Third letter after BNR34:

T=GTR
V=V-spec
R=V-spec N1


----------



## SimonSays (Jun 11, 2003)

And how do you see it on the R33 ?


----------



## ahsam421 (Apr 26, 2003)

On the Vin plate it only shows

Chassis number : BNR34-002998

No letter at all after the BNR34.

Please help  .


Cant remember on the R33, but I did a search and it came up.

But nothing for the R34 though.


----------



## SimonSays (Jun 11, 2003)

I think Dino means the BNR34 in the MODEL number on the VIN plate


----------



## DCD (Jun 28, 2001)

yep, the vin


----------



## Shin (Jul 4, 2001)

GGJPRVYR34ZDAABJED

non v-spec


----------



## ahsam421 (Apr 26, 2003)

The one I am looking at is little different to what Shin said,

GGJPRWYR34ZDAABKCD

So which one is this then??


----------



## Bean (Oct 12, 2001)

Standard GT-R; ie non v-spec


----------



## SimonSays (Jun 11, 2003)

So could someone please post or link to a VIN decoding guide for the R32, 33 and 34 ?

Interesting stuff


----------



## Shin (Jul 4, 2001)

I hope it helps.


----------



## Bean (Oct 12, 2001)

That looks pretty useful Shin


----------



## SimonSays (Jun 11, 2003)

Found something regarding the R32:

The plaque should read something like:



> NISSAN MOTOR CO., LTD JAPAN
> TYPE CHASSIS NO.
> MODEL NO.
> COLOUR, TRIM
> ...





> Transmissions:
> RE4R01A 4 speed auto
> RE4R07A 4 speed auto
> RE5R01A 5 speed auto
> ...





> NISSAN MOTOR CO., LTD JAPAN
> 
> TYPE: E-HCR32 (A=89, B=90, C=91, D=92, E=93)
> 
> ...



My R33 Model No is:

GGJPRWFR33ZDAAAQ-C

Most parts look quite like the one Shin posted of an R34...


----------



## ahsam421 (Apr 26, 2003)

So it is definately not a V-Spec then?

Shin,

How can you tell it is not a V-spec from those data. I can only see the colour code and engine size.

Thanks


----------



## Shin (Jul 4, 2001)

It is simply because it says "GTR".

Regards,
Shin


----------



## ahsam421 (Apr 26, 2003)

Thanks for the info guys, very disappointed  .

Shin,

How much do you think a 1999 Non V-Spec GTR34 is worth with Full respray (No accident, just colour changed) from Japan. Very Good condition with Low mileage.
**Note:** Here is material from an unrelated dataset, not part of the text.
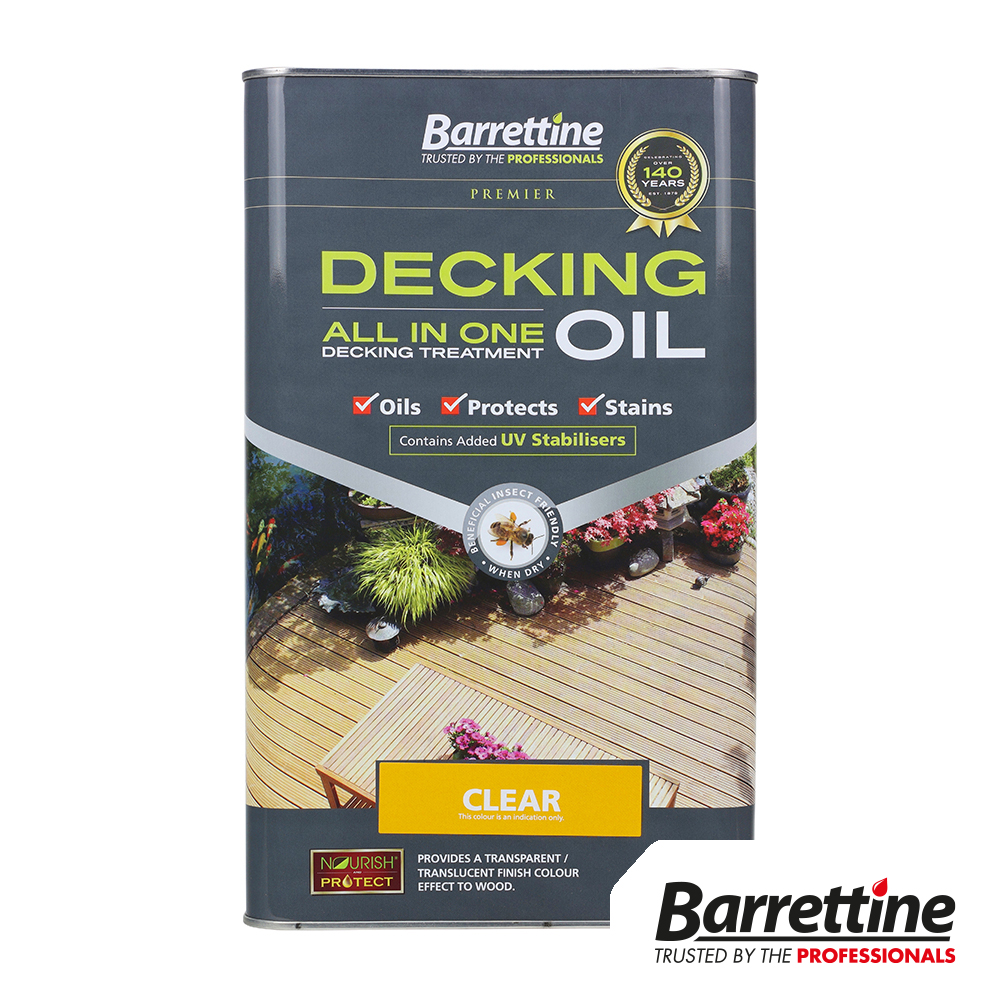 5L Decking Oil All In One - Amber Light Oak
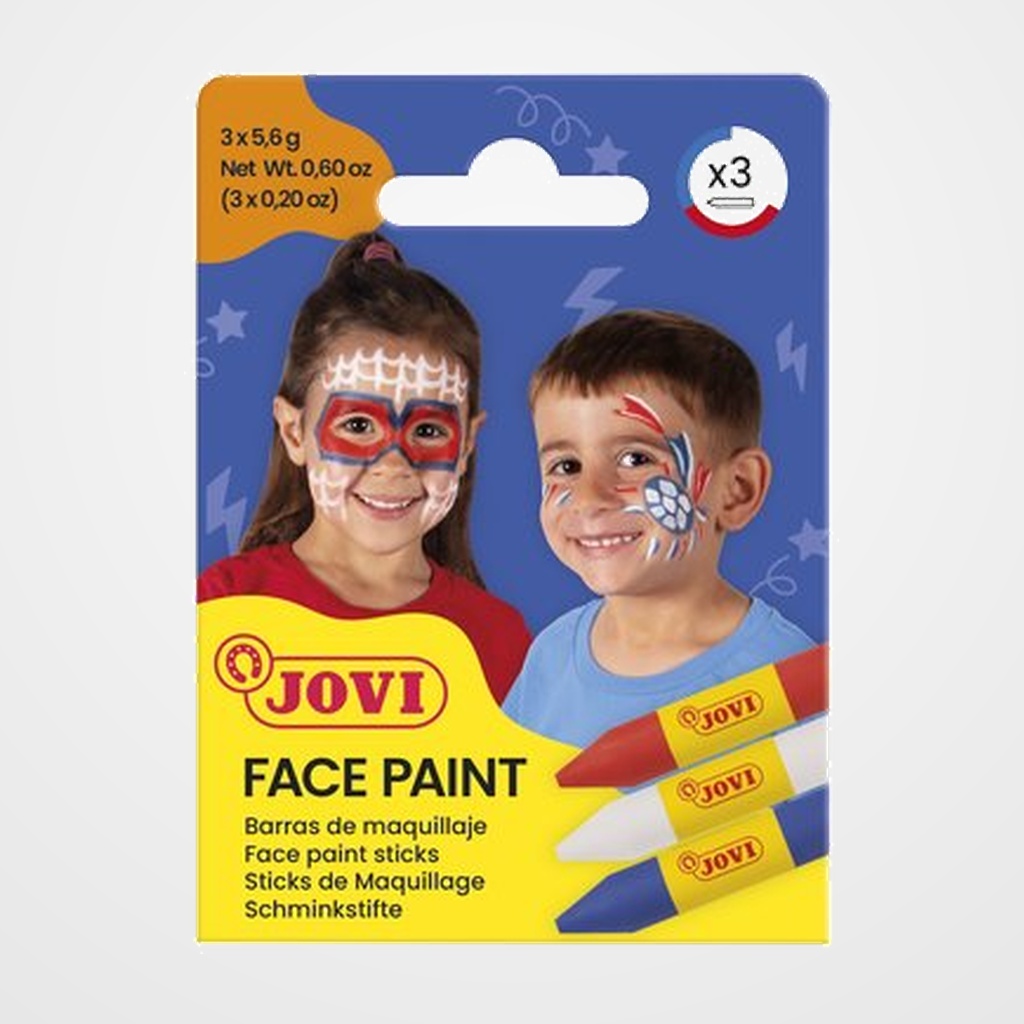 MAQUILLAJE JOVI BARRA FACE PAINT AVENTURA ESTUCHE de 3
Will the car not keep its value as well because it has been resprayed?

Thanks


----------



## Shin (Jul 4, 2001)

Sorry, I can't tell you the individual value of the car without seeing.

Regards,
Shin


----------



## anilmboss (Mar 2, 2007)

hello peeps...i am new to this site...kind of.....please could you help me in telling me if the appended code is for a Vpec or a normal R34GTR and if it is a 2000 year model car...
BNR34-006796
GGJPRWYR34ZDAAAK-D

many thanks


----------



## Jags (May 20, 2007)

V-Spec

Weird way to introduce yourself though lol


----------



## TAZZMAXX (Mar 9, 2010)

Jags said:


> V-Spec
> 
> Weird way to introduce yourself though lol


Even weirder that they joined 6 years ago and waited till now for the intro post!


----------



## anilmboss (Mar 2, 2007)

Thanks guys..so will anyone be kind enough to answer my query...


----------



## JapFreak786 (Aug 29, 2003)

anilmboss said:


> Thanks guys..so will anyone be kind enough to answer my query...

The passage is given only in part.